Doing what you love makes you a happier and better partner. My mum loves to sing (and she’s damn good at it as well). She also, as I mentioned, loves to heal people and help them cope with life’s stresses and illnesses.

Without those things in her life when I was growing up, I think she wouldn’t have been as happy. I think to be a happy partner (and mum) you have to express yourself creatively and do what you love. My mum taught me that – to follow your heart and do what’s important to you and what makes you into a more complete person to be around.

How to know when it’s not right. Well, I used to know when it wasn’t right because I could tell, by my mum’s reaction, that this guy wasn’t going to last. But I also knew the behaviours my mum wouldn’t accept or tolerate. She showed me what self worth looks like – and by watching her stick to her principles and her heart, deep down I knew with every Mr. Wrong.

It was partly her calm acceptance of John, without any drama or without my neurotic need to know what she thought of him that made me realise he’d slotted right into our crazy little family without even realising it. It was also the fact that all the warning signs she’d practically trained me for all of my life were absent – it was just… right. I’m not sure I would have been so certain otherwise.

That the best relationships are not polite relationships. My mum and I banter. Yes, we banter. We’re friends – there’s no awkwardness, no “don’t say that in front of your mother” no “should” or “ought to” or anything of the sort. We’re completely natural with each other, and it makes for very easy company.

I have always applied that principle to my relationships. Unbridled, raw honesty. I’m 100% real with John, even if that’s not attractive, but it makes for a bond so much deeper than any polite, superficial relationship where we tiptoed around one another pretending to be perfect versions of ourselves. As a result, we really know each other, in the way I think my mum really knows me.

You don’t have to be pushy to make a difference to someone’s life. Almost every bride I speak to tells me they had to compromise at least a part of their wedding dreams in order to accommodate their own (or their partner’s) mother. I’m happy to say that my mother wouldn’t dream of trying to dictate how my wedding should happen.

My mum raised me to be a creative, free thinker – and in doing so showed me that when you trust people to grow up right (yes, adults too) they’re far more keen to prove you right. She taught me that by being yourself, you can enrich someone’s life beyond belief. For example, my mum hasn’t told me to do anything with the wedding, but there’s so much of her influence in it – the beautiful scents I’ve chosen (and that she’s making), the roses (my love of roses stems from the fact that I always associate them with my mum) and lavender (ditto).

But I think the point I’m making is, if you’re taught to be too pushy, you’ll end up pushing people away. That doesn’t mean “don’t stand your ground” it means learn to do it in a constructive and loving way that doesn’t feel like a push or an insult.

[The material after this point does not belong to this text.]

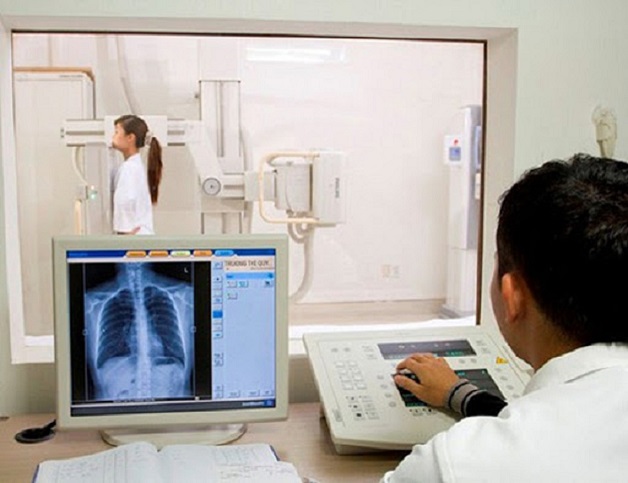 chụp x quang có phải cởi áo không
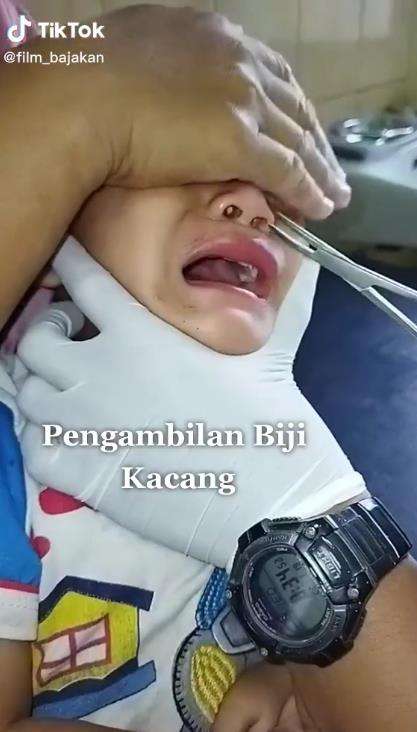 Pengambilan kacang terselip dalam hidung.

I could ramble on forever about the countless gifts my mum has given me and how they’ve better prepared me for the journey I’m about to take. I could go on for hours about how lucky I was to have been born into the family I was born into – but for now I just want to say, to my beautiful mother, thank you for everything (and everything you still have to give). I don’t always show it, but life’s too short not to! I love you.